> _WHAT TO WORK ON_:
Leaving out every picture, copy the lines of the material below exactly, from the line containing "Coleophora asteris" through the line containing "Cairn Terrier Affenpinscher".

[[ RECORDED INFORMATION, beginning ]]

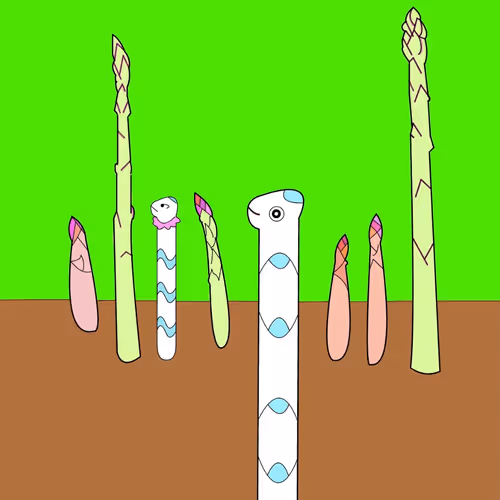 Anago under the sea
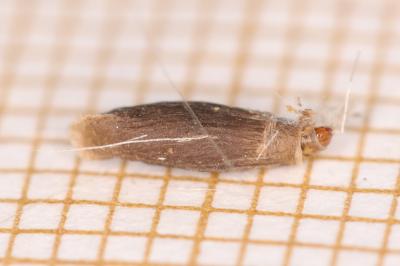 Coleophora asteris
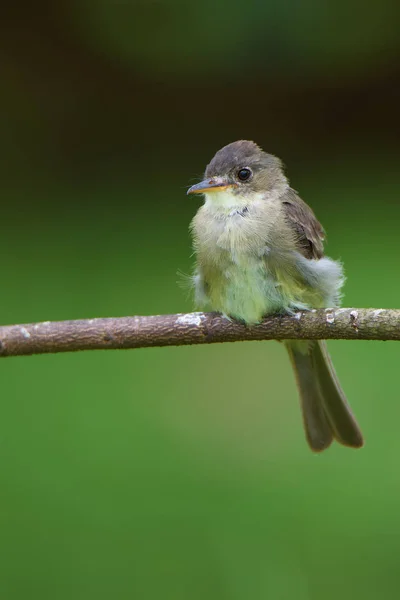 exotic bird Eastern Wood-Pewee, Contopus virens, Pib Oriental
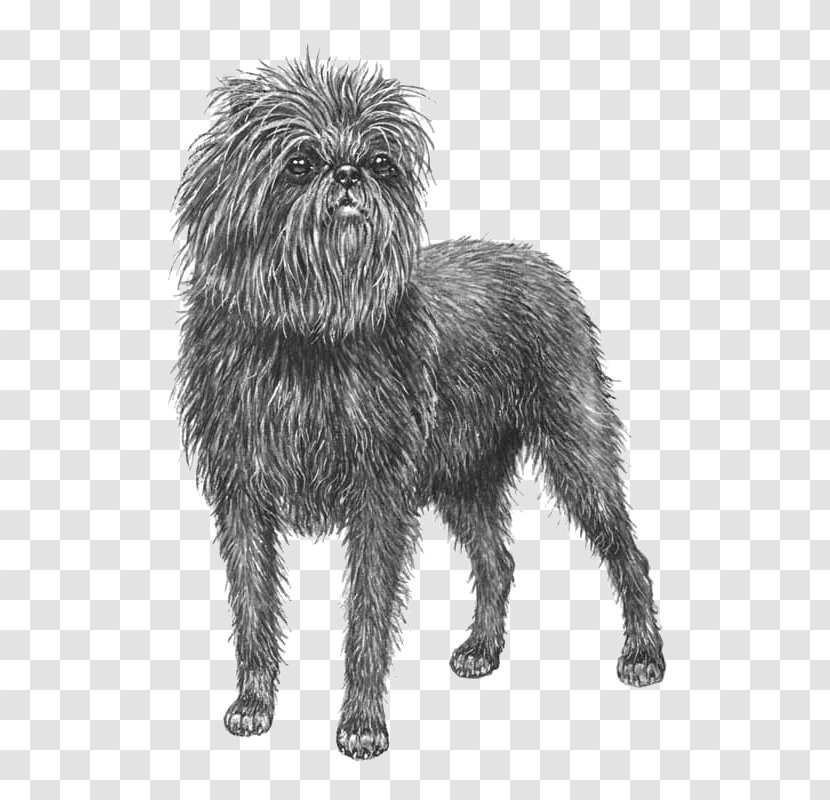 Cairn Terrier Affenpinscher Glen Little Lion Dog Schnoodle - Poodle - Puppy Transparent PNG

[[ RECORDED INFORMATION, end ]]
[[ RECORDED INFORMATION, beginning ]]

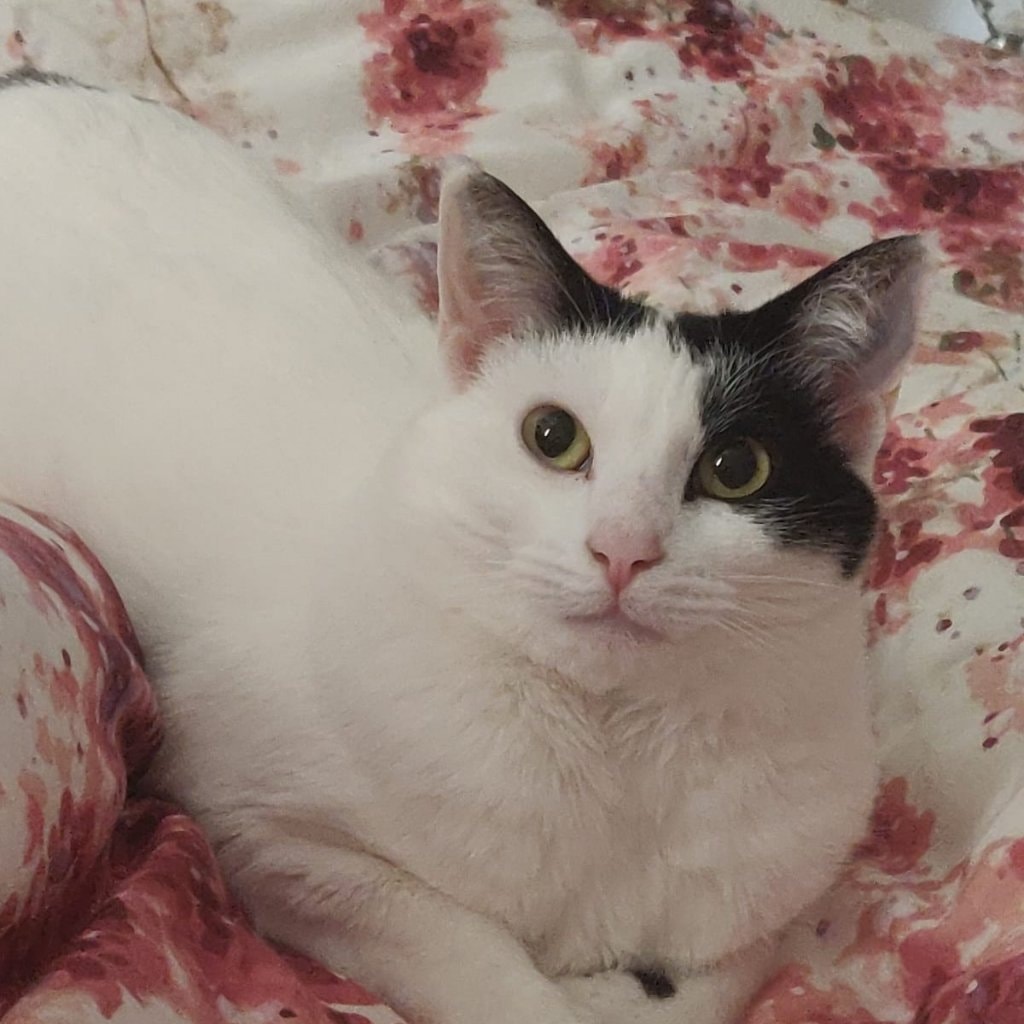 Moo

[[ RECORDED INFORMATION, end ]]
[[ RECORDED INFORMATION, beginning ]]

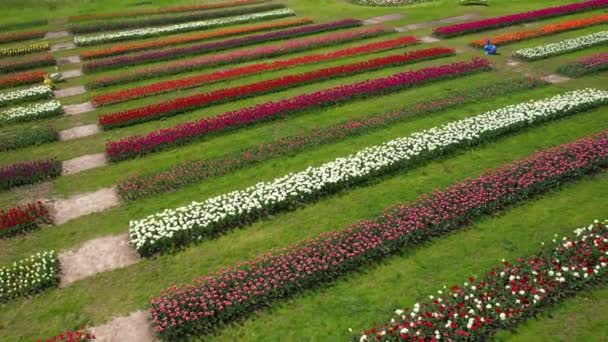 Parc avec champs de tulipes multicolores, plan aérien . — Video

[[ RECORDED INFORMATION, end ]]

> _EXERCISE ANSWER_:
 Coleophora asteris
 exotic bird Eastern Wood-Pewee, Contopus virens, Pib Oriental
 Cairn Terrier Affenpinscher Glen Little Lion Dog Schnoodle - Poodle - Puppy Transparent PNG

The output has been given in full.